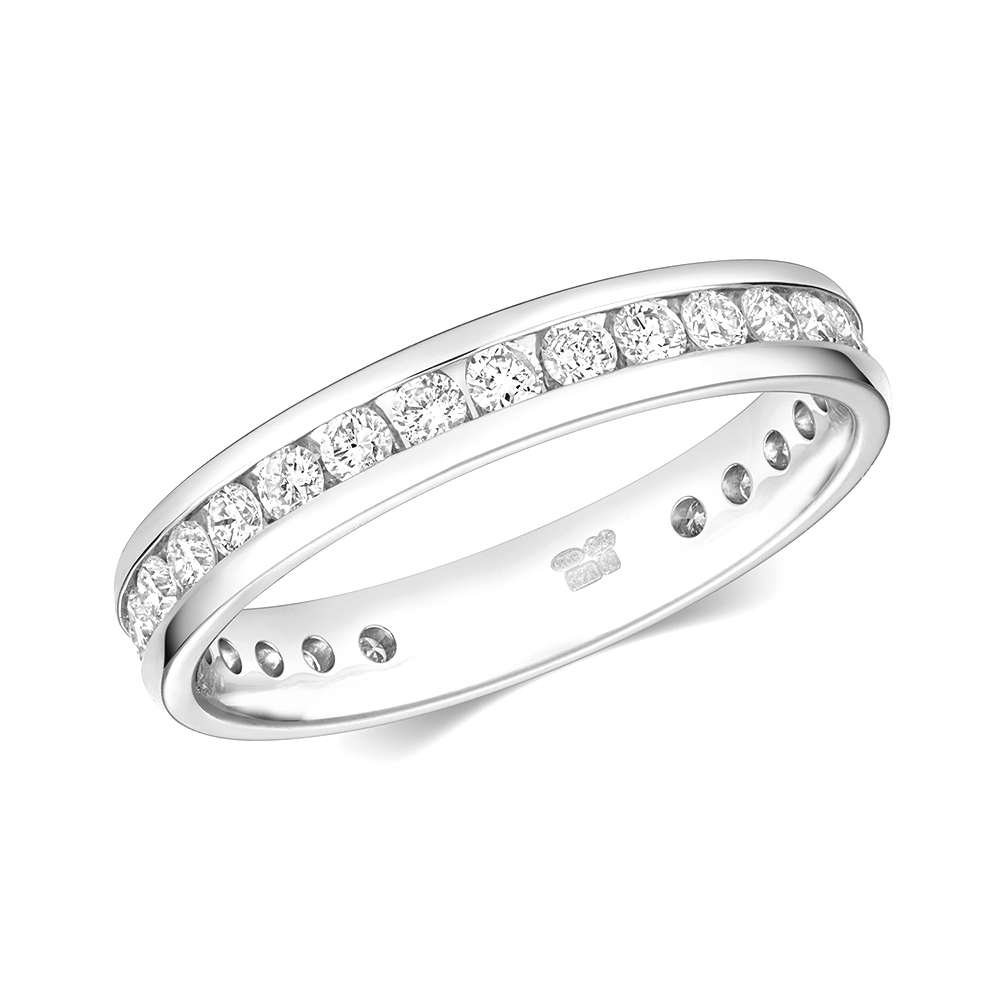 channel setting full eternity round diamond ring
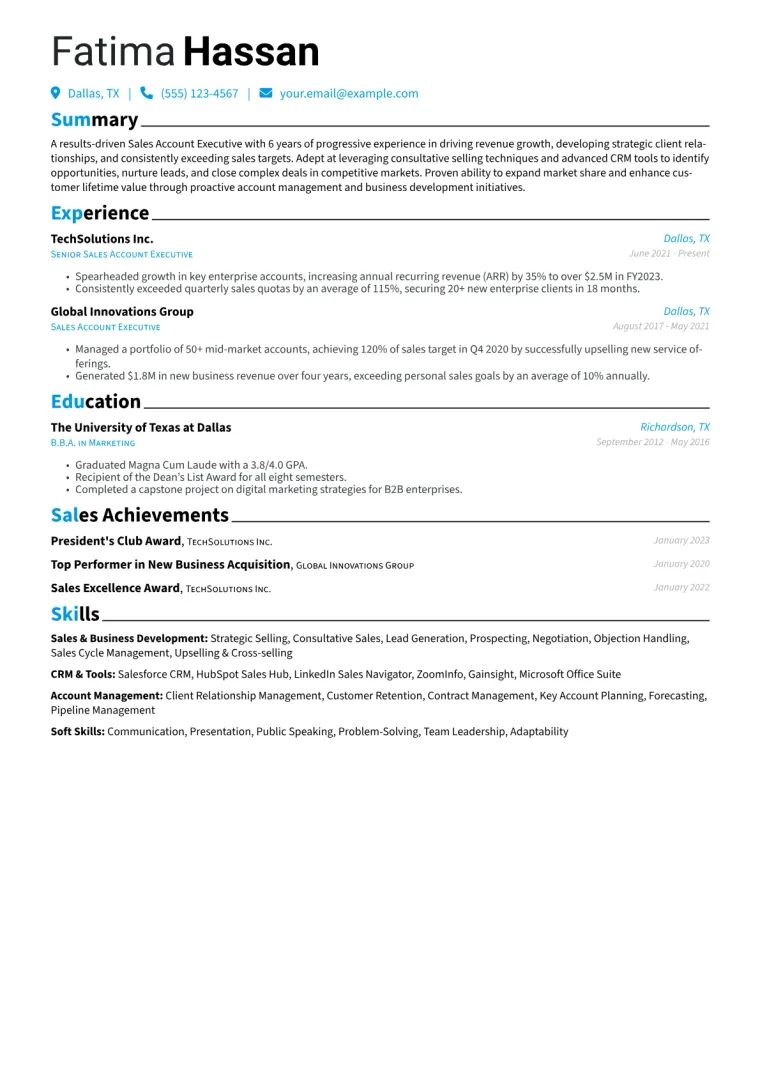 Sales Account Executive Resume Example CV template preview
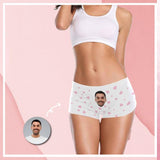Custom Face Underwear for Ladies Personalized Pink Love Heart Women's Boyshort Panties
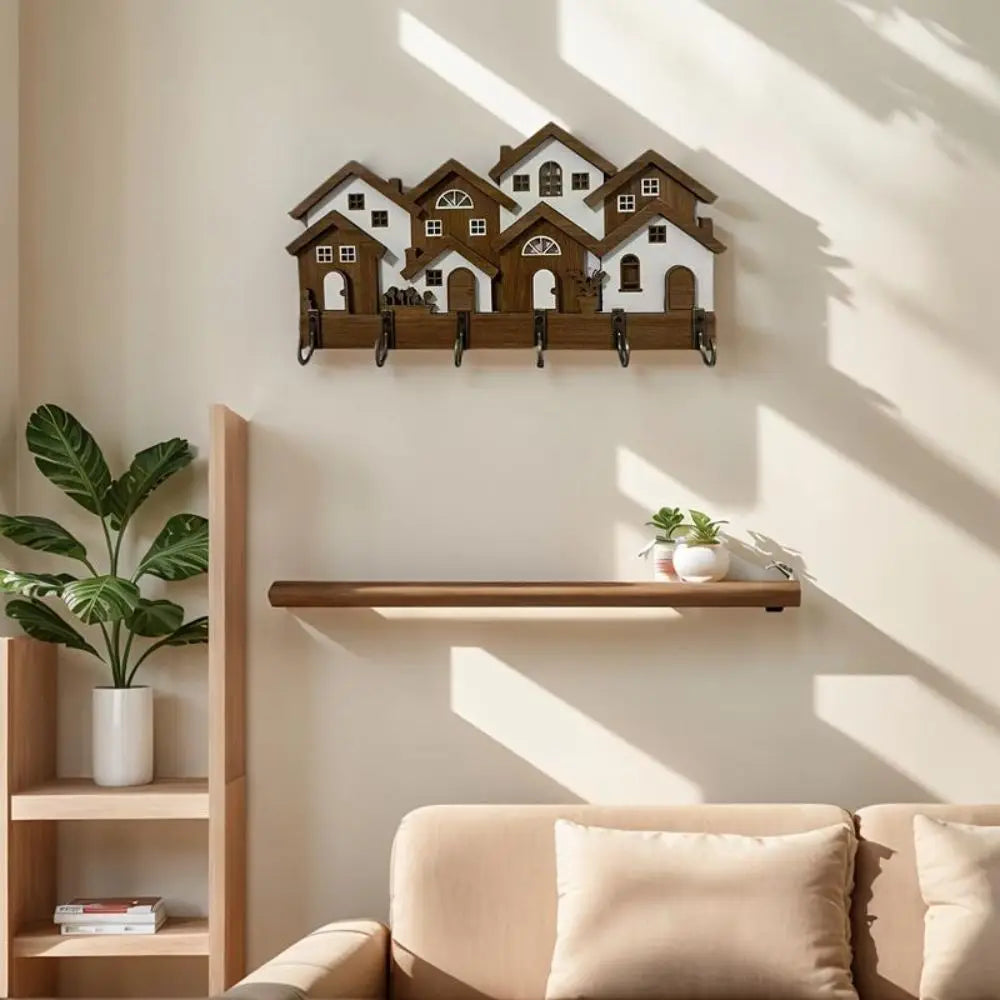 porte clés mural bois maison miniature couleurs vives plantes figurine kit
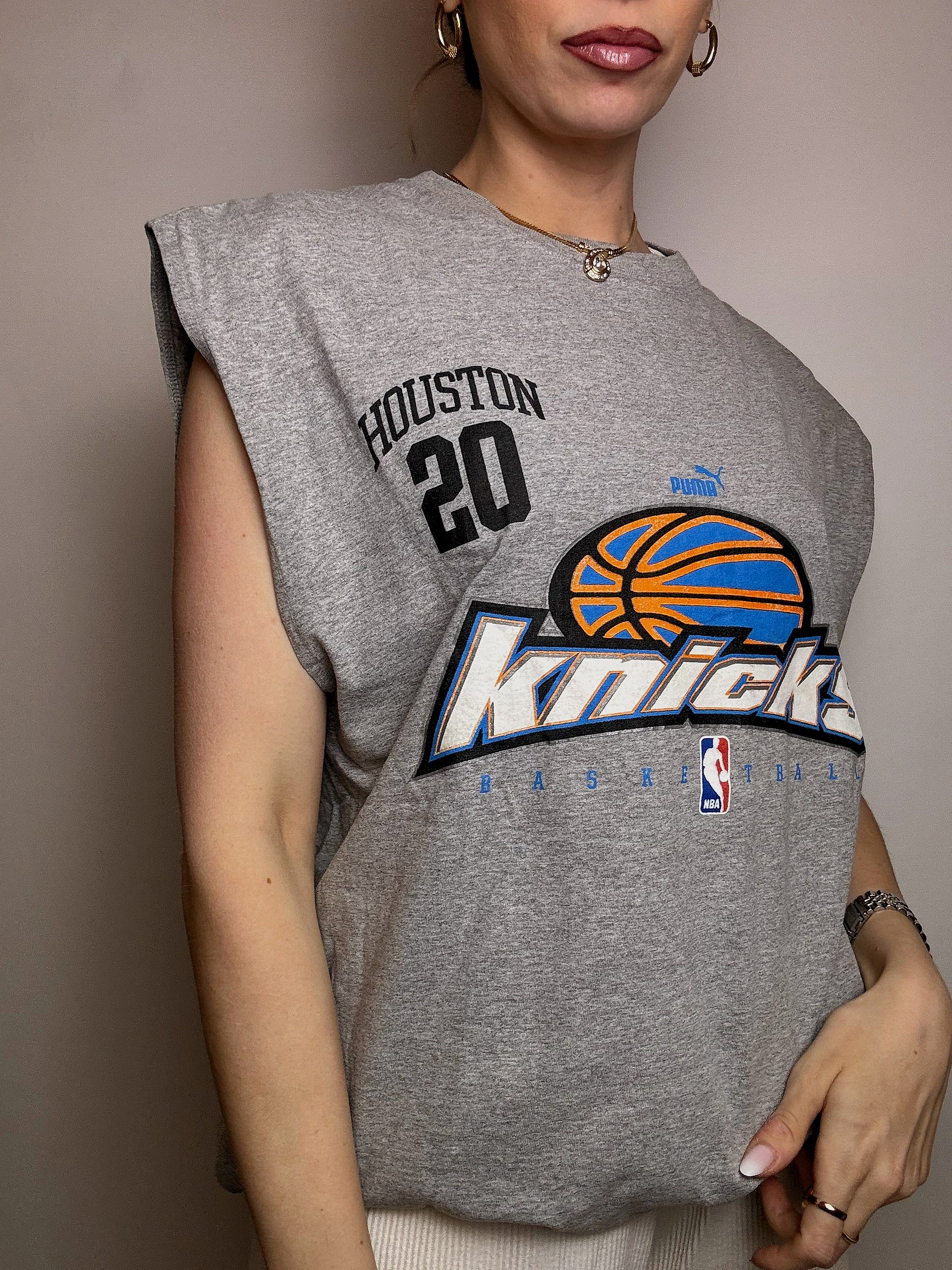 PUMA x NY KNICKS L Grey Basketball Tank Top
_____
TASK REQUIREMENTS:
Give the lines of the entries above exactly as they appear, leaving out each picture.

ANSWER SECTION:
 channel setting full eternity round diamond ring
 Sales Account Executive Resume Example CV template preview
Custom Face Underwear for Ladies Personalized Pink Love Heart Women's Boyshort Panties
 porte clés mural bois maison miniature couleurs vives plantes figurine kit
 PUMA x NY KNICKS L Grey Basketball Tank Top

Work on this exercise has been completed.